Wie kam Bernhard Wagner zum Rennsport? Der Österreicher, der am Rennwochenende auf dem Nürburgring 64 Jahre alt wurde und seit rund vier Jahrzehnten in Deutschland lebt, viele Jahre davon in Langgöns, kann auf eine außergewöhnliche Karriere im Motorrad- und Automobilsport zurückblicken: „Angefangen hat alles auf zwei Rädern mit dem Motorrad. Im Rahmen von Trackdays sammelte ich erste Erfahrungen auf verschiedenen Rennstrecken. Danach auf drei Rädern als Seitenwagenbeifahrer in der internationalen Deutschen Meisterschaft und Wildcard-Einsätzen in der Weltmeisterschaft. Etwas sicherer, aber weiterhin mit Engagement, Leidenschaft und ungebrochenem Hang zum Motorsport nunmehr im Rennauto auf vier Rädern.“
Wagner gilt als echtes Multitalent im Motorsport. Erst spät stieg er in die Rennszene ein – und das mit beeindruckendem Erfolg. In der Internationalen Deutschen Motorradmeisterschaft (IDM) wurde er 2002 mit Sepp Doppler und 2006 mit Markus Schlosser Internationaler Deutscher Meister in der Sidecar-Klasse. Ein schwerer Unfall beim IDM-Finale 2006 in Hockenheim zwang ihn zu einer längeren Pause. Doch Wagner kehrte zurück – diesmal auf vier Rädern. Im Automobilsport fand er eine neue Herausforderung und erfüllte sich einen lang gehegten Traum: die Teilnahme am 24-Stunden-Rennen auf dem Nürburgring. Dort erreichte er 2022 den 64. Gesamtrang (Platz 4 in seiner Klasse) und 2023 Platz 85.
„Nicht umsonst wird die Nordschleife als grüne Hölle und zugleich als die die schönste Rennstrecke der Welt bezeichnet. Jedes Rennen und insbesondere das 24h-Rennen schreibt seine eigene Geschichte. Sich dieser Herausforderung als Fahrer in einem Rahmen zwischen Vollprofis und Werksfahrern mit bis zu 280.000 Zuschauern zu stellen und zu meistern ist immer wieder etwas ganz Besonderes“, schwärmt Wagner.

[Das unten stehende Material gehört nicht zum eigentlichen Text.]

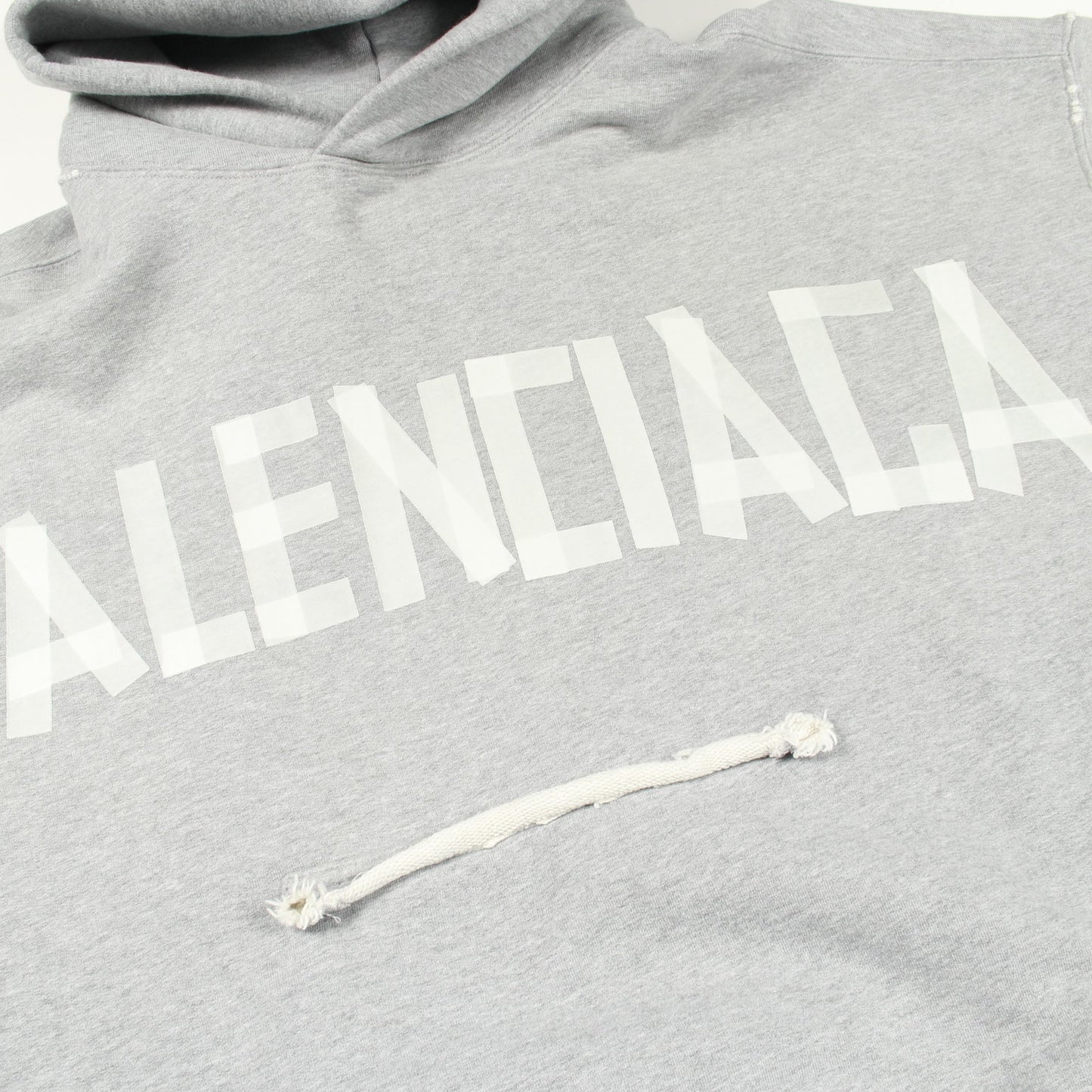 TAPE TYPE BBロゴ プルオーバーパーカー コットン グレー ダメージ加工 バレンシアガ トップス BALENCIAGA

Der diesjährige Rennstart verlief holprig: Ein schleichender Plattfuß zwang zu einem frühen Boxenstopp. Doch das Team kämpfte sich mit konstanten Stints und kluger Taktik bis in die Nacht auf Platz 4 vor. Gegen 4 Uhr morgens dann der Schock: Kollision im Klostertal mit einem Aston Martin. Wagner erinnert sich: „Es war ein Schreckmoment – aber zum Glück kam der Wagen noch aus eigener Kraft an die Box.“ Die Sorg-Mechaniker reparierten den Schaden in Rekordzeit.

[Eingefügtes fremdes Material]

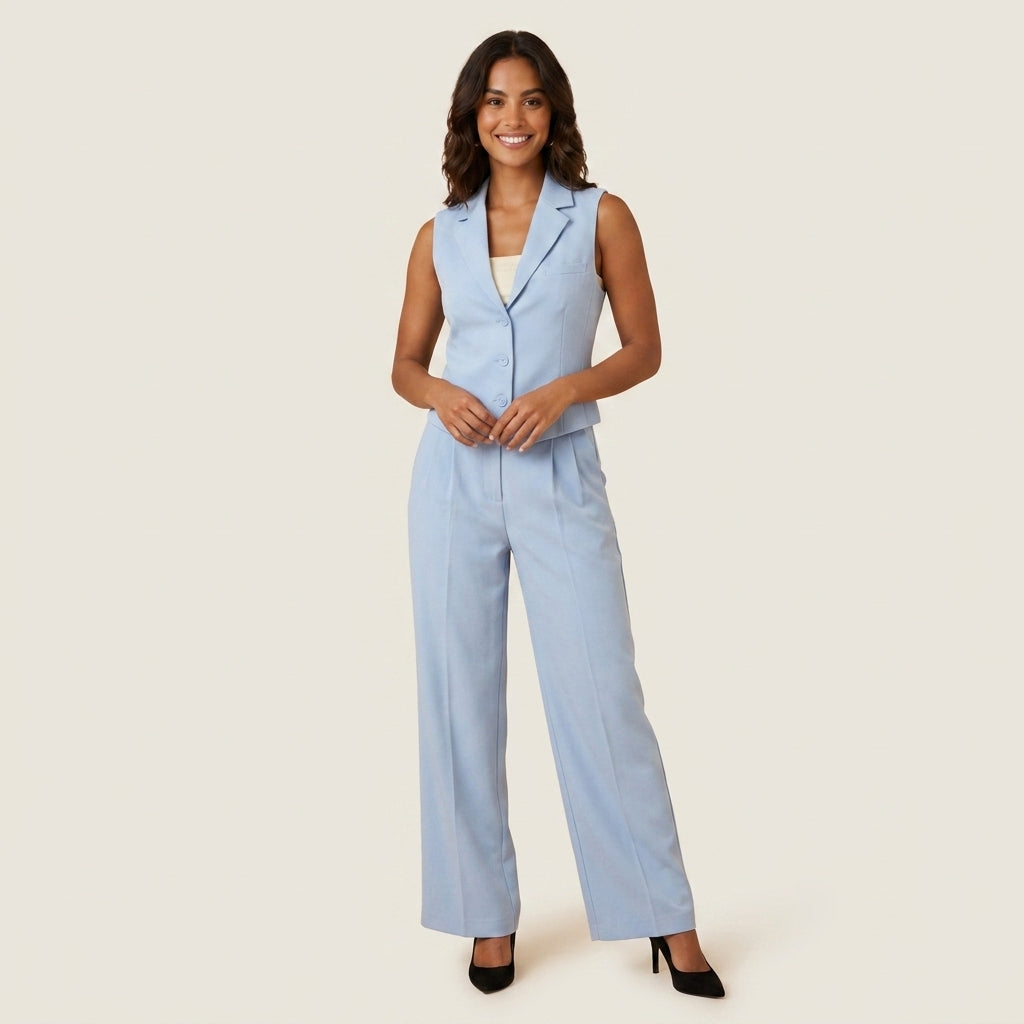 Conjunto de Chaleco y Pantalón Ancho para Mujer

In den letzten Stunden lief das Rennen reibungslos. Mit 119 gefahrenen Runden überquerte der Porsche die Ziellinie – Platz 3 in der Cup3-Klasse und der Sieg in der Amateurwertung. Im Gesamtklassement erreichte das Team Platz 36 – eine beachtliche Leistung.

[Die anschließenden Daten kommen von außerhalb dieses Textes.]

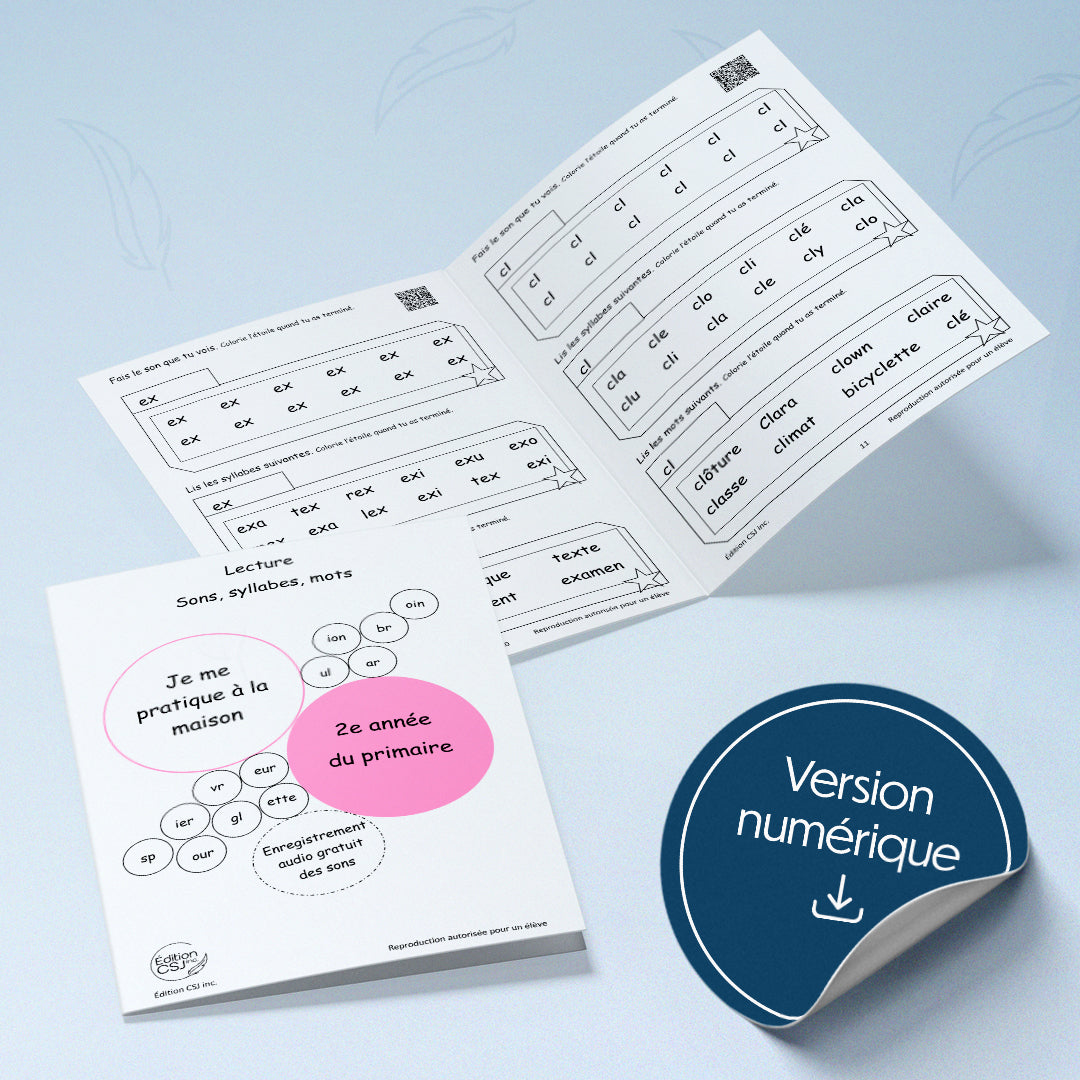 2e année Lecture sons, syllabes, mots (Numérique)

„Ein Rennen wie dieses ist Teamsport pur“, betont Wagner. „Ohne das Engagement jedes Einzelnen – vom Mechaniker über die Strategie bis zur Verpflegung – wäre so ein Erfolg nicht möglich.“ Besonders lobt er die professionelle, aber familiäre Atmosphäre im Team Sorg Rennsport unter der Leitung von Benjamin und Daniel Sorg.
Auch im historischen Motorsport ist Wagner erfolgreich: 2023 holte er mit Renato Ambrosi den Klassensieg bei der Youngtimer Trophy und fuhr bei weiteren Events starke Ergebnisse ein. Im Mai 2023 startete er beim prestigeträchtigen 12h-Rennen in Spa-Francorchamps – ebenfalls auf einem Porsche Cayman GT4.
Wagners Berufsleben ist genauso strukturiert wie sein Motorsport: Der Geschäftsführer eines mittelständischen Unternehmens für Mess- und Regeltechnik legt seinen gesamten Jahresurlaub nach dem Rennkalender. Immer mit dabei: Lebensgefährtin Stephanie Johnson, die auch seine Öffentlichkeitsarbeit übernimmt.
Klar ist: Bernhard Wagner ist weit mehr als ein ambitionierter Hobbyfahrer. Er steht für Disziplin, Teamgeist und Leidenschaft. Sein Weg vom Sidecar-Beifahrer zum Podium beim 24h-Rennen 2025 ist der Beweis dafür, dass man sich Träume auch mit 60+ noch erfüllen kann – und dass auf der Nordschleife das letzte Kapitel seiner Motorsportkarriere noch lange nicht geschrieben ist.